How to group by one column and limit to rows where another column has the same value for all rows in group? - Postgresql

mmdanziger
November 30, 2022
69 views
0 votes
2 Answers

I have a table like this

CREATE TABLE userinteractions
(
userid  bigint,
dobyr int,
-- lots more fields that are not relevant to the question
);

My problem is that some of the data is polluted with multiple dobyr values for the same user.

The table is used as the basis for further processing by creating a new table.
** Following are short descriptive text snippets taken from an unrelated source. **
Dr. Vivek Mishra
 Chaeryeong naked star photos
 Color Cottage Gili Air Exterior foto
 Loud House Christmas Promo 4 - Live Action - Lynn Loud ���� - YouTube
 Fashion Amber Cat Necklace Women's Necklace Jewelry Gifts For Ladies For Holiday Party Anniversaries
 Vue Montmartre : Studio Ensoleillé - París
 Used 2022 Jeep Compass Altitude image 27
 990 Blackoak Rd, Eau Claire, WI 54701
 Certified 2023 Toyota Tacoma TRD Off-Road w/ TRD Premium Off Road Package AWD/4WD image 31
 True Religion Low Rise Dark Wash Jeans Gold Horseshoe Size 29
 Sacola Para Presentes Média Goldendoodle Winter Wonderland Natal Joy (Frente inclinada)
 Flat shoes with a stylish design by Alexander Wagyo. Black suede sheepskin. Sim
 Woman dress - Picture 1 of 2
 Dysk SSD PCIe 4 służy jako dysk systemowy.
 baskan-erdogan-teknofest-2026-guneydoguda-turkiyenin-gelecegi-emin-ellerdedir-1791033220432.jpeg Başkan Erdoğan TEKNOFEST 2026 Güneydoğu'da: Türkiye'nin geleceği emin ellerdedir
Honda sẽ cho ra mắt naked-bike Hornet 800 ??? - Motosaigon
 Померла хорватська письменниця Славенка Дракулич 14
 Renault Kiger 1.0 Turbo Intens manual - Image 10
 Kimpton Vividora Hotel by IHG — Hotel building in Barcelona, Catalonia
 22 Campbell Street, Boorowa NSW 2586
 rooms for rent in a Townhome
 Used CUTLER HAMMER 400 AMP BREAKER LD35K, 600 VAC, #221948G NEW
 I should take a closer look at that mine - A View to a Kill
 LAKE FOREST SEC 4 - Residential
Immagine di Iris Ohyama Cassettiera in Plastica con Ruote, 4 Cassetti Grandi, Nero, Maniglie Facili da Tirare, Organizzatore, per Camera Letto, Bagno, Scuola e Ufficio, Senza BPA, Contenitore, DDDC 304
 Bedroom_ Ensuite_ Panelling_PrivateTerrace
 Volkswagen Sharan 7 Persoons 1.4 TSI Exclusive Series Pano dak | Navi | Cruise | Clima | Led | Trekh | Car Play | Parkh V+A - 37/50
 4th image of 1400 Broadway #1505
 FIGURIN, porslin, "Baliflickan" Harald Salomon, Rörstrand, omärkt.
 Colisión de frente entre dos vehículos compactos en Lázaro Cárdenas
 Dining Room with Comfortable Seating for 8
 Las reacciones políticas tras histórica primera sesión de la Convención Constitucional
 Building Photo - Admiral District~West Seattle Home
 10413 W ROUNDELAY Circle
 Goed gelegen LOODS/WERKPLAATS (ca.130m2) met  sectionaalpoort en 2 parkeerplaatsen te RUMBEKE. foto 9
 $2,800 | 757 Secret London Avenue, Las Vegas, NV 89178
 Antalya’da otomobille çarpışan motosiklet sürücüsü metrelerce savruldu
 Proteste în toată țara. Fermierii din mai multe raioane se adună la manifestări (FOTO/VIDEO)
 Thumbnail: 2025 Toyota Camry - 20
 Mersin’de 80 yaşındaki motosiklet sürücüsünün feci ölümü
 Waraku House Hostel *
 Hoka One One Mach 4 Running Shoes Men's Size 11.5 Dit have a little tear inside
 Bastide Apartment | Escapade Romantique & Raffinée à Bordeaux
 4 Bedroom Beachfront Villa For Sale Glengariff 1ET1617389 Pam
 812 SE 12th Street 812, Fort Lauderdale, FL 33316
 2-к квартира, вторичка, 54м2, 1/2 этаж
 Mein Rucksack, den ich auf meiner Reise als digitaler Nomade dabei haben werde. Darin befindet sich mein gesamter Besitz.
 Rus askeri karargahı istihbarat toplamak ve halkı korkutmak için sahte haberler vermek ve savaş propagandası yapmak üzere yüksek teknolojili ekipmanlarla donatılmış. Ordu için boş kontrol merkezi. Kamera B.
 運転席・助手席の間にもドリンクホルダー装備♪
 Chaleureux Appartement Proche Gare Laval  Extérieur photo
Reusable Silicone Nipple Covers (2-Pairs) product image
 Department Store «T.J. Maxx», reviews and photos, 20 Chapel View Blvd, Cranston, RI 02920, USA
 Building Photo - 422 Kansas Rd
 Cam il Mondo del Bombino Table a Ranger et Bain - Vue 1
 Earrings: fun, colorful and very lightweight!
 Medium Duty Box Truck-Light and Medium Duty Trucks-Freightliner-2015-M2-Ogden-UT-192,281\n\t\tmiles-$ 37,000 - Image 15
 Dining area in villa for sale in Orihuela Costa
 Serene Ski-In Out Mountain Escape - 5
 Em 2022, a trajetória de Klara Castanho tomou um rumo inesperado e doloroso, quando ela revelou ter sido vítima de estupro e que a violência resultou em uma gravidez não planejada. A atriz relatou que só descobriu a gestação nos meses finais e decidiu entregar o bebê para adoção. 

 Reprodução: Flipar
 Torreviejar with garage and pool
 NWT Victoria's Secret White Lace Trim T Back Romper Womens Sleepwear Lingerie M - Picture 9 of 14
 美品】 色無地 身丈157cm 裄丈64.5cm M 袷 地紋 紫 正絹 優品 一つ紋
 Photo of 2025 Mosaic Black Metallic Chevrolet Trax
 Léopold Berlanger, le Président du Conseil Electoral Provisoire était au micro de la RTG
These cases need to be removed from the pipeline.

I want to be able to create a clean table that contains unique userid and dobyr limited to the cases where there is only one value of dobyr for the userid in userinteractions.

For example I start with data like this:

userid,dobyr
1,1995
1,1995
2,1999
3,1990 # dobyr values not equal
3,1999 # dobyr values not equal
4,1989
4,1989

And I want to select from this to get a table like this:

userid,dobyr
1,1995
2,1999
4,1989

Is there an elegant, efficient way to get this in a single sql query?

I am using postgres.

EDIT: I do not have permissions to modify the userinteractions table, so I need a SELECT solution, not a DELETE solution.

Answers

- Zegarek
- November 30, 2022 at 3:07 pm
- 0 votes
0
Clarified requirements: your aim is to generate a new, cleaned-up version of an existing table, and the clean-up means:
1. If there are many rows with the same userid value but also the same dobyr value, one of them is kept (doesn’t matter which one), rest gets discarded.
2. All rows for a given userid are discarded if it occurs with different dobyr values.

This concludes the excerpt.